• [TASK ITEM] A verbatim transcription of the listing below is required, without its pictures.

• [GIVEN MATERIAL]
□ □ □ □ □ □ □

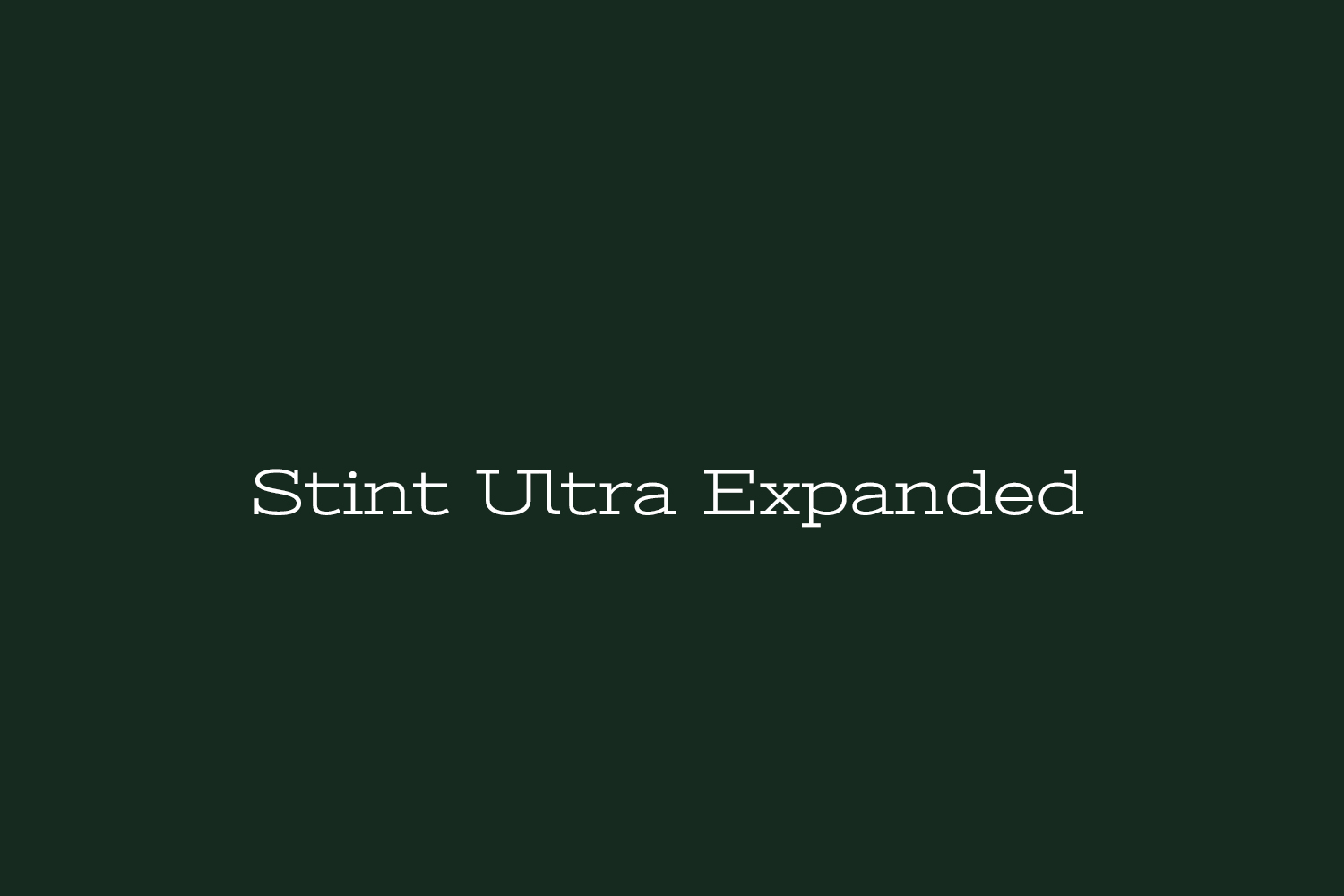 Stint Ultra Expanded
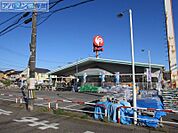 コメリハード＆グリーン西内野店 3861m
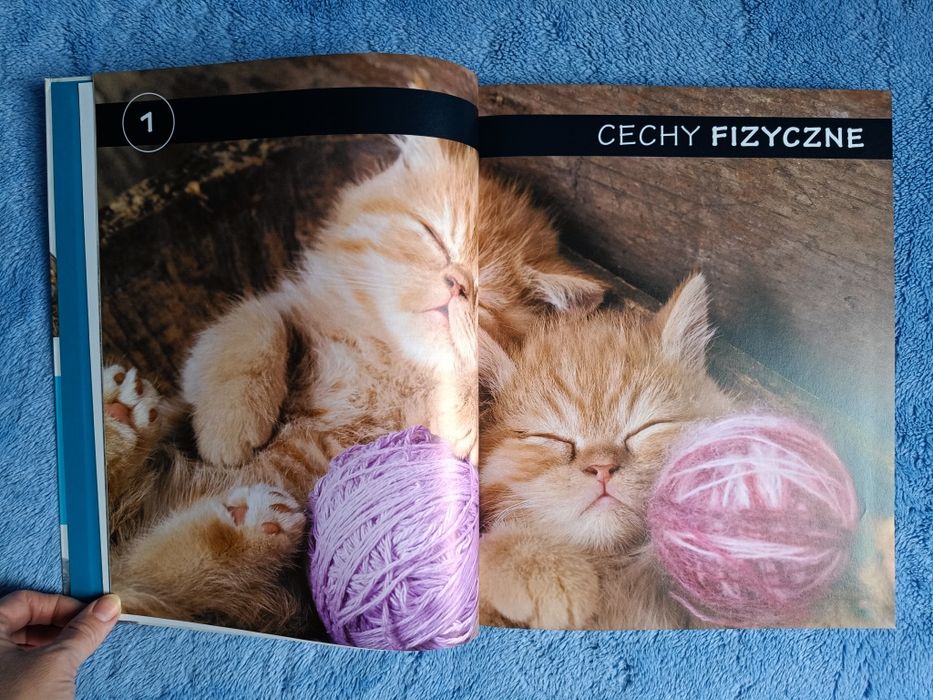 Nowy pięknie ilustrowany przewodnik Koty opieka, wybór, rasy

□ □ □ □ □ □ □

• [ANSWER TO THE PROBLEM]
 Stint Ultra Expanded
 コメリハード＆グリーン西内野店 3861m
 Nowy pięknie ilustrowany przewodnik Koty opieka, wybór, rasy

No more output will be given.